── Exercise data

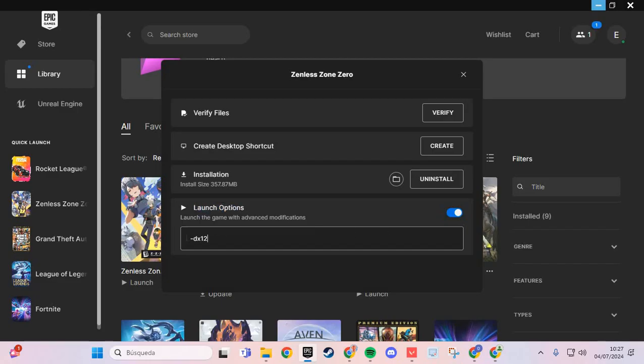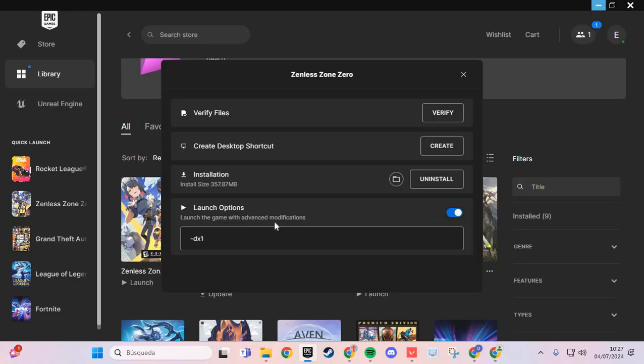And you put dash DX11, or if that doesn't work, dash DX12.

────
── Exercise data

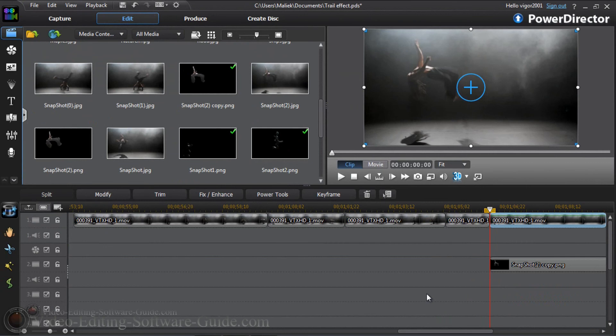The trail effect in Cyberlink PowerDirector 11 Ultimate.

────
── Exercise data

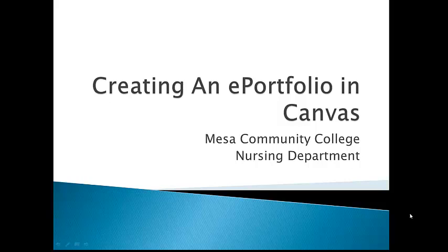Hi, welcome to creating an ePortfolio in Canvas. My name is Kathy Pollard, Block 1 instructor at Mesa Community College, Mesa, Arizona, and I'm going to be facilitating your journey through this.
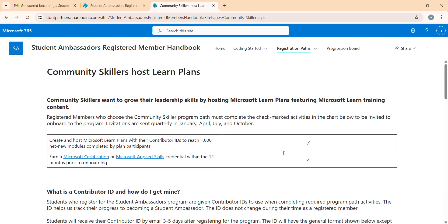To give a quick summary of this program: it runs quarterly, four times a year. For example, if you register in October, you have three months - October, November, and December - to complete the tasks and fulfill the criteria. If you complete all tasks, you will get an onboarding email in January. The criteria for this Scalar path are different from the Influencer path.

────

- Exercise directions -
Could you repeat, exactly, only the lines above starting at the one that has "Hi, welcome to" and stopping after the one that has "To give a quick", without the pictures?

- Written answer -
Hi, welcome to creating an ePortfolio in Canvas. My name is Kathy Pollard, Block 1 instructor at Mesa Community College, Mesa, Arizona, and I'm going to be facilitating your journey through this.
To give a quick summary of this program: it runs quarterly, four times a year. For example, if you register in October, you have three months - October, November, and December - to complete the tasks and fulfill the criteria. If you complete all tasks, you will get an onboarding email in January. The criteria for this Scalar path are different from the Influencer path.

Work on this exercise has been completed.